* **Records for this task**
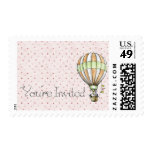 You're Invited Pink Hot Air Balloon Stamp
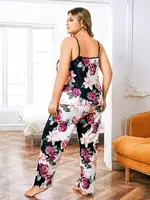 Çiçek Desenli Pantolon Pijama Takımı Büyük Beden Pink Night 6914 Görsel detay görünüm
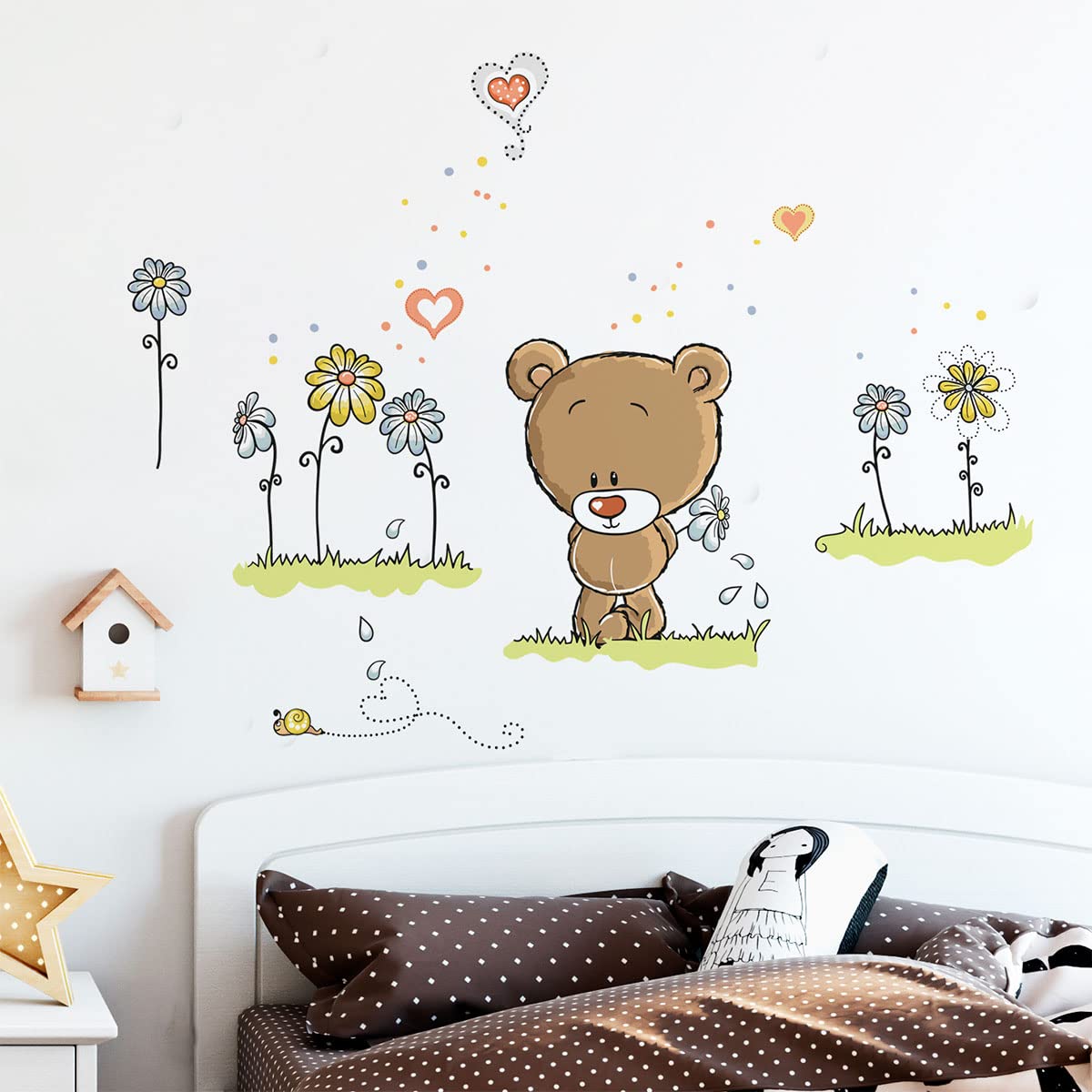 Children's Wall Stickers - Baby Room Decoration - Cute Bear in The Hill Wall Sticker - H90 x L60 cm, Model 4, 60x90cm - Image 3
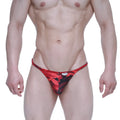 Red and black camouflage pattern men’s thong with small white label metro malewear romantic bikini burgundy 6008-90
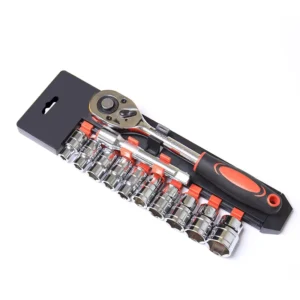 12pc Set 24/72 Teeth Repair Galvanized Chrome-plated Socket Wrench Set Quickly Ratchet Handle Plastic Hang Household Tool Set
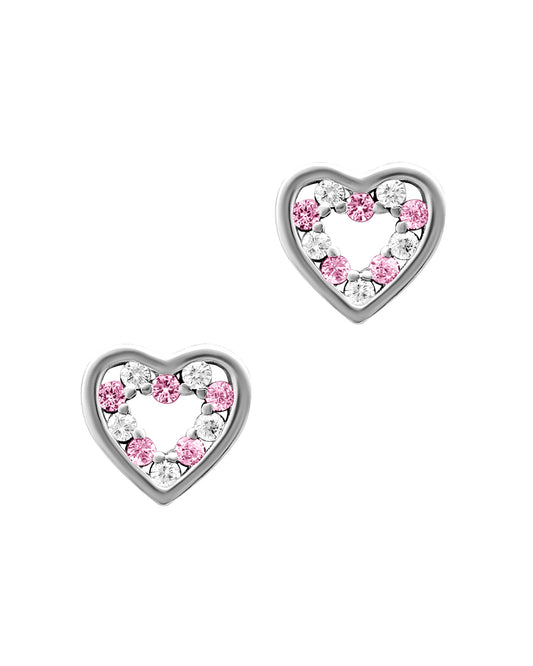 Boucles d'oreilles en argent coeur avec pierres rose et blanche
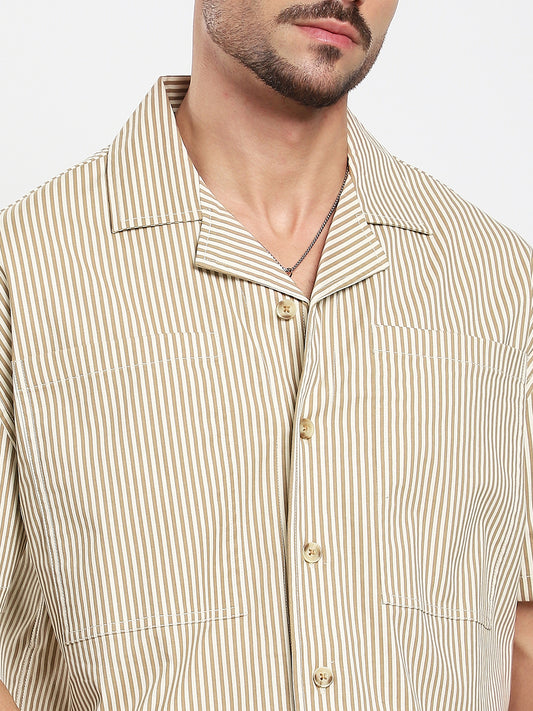 Walnut Brown Pinstripe Oversized Twin Pocket Crop Shirt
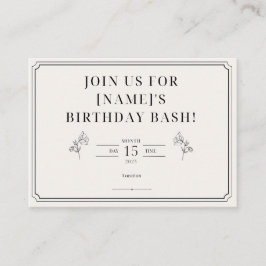 Klassiskt inbjudet födelsedagskort i ramformat tilläggskort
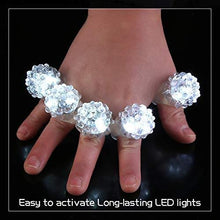 Load image into Gallery viewer, C&amp;H Solutions Shining White Clear LED Flashing Jelly Bumpy Finger Rings (72 Ct)
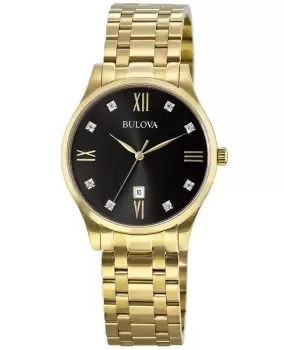 Image of Bulova Diamond Black Dial Yellow Gold Tone Stainless Steel Mens Watch 97D108 97D108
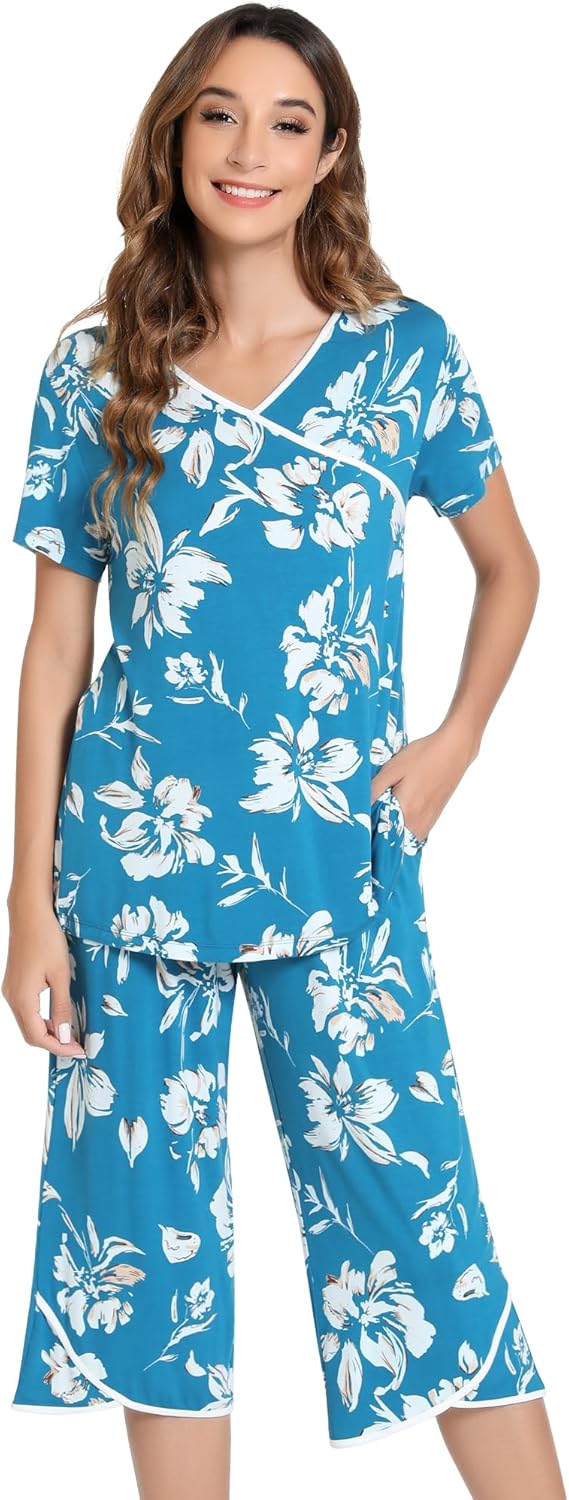 NACHILA Women’s Pajamas-Viscose Made from Bamboo, Short Sleeve Pjs Top with Capri Pajama Sets for Women Cool V Neck Sleepwear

* **Task objective**
Print from the line containing "Load image into" through the line containing "Image of Bulova" in the data above, exactly as the lines stand, and omit every picture.

* **Result of the exercise**
 Load image into Gallery viewer, C&amp;H Solutions Shining White Clear LED Flashing Jelly Bumpy Finger Rings (72 Ct)
 Image of Bulova Diamond Black Dial Yellow Gold Tone Stainless Steel Mens Watch 97D108 97D108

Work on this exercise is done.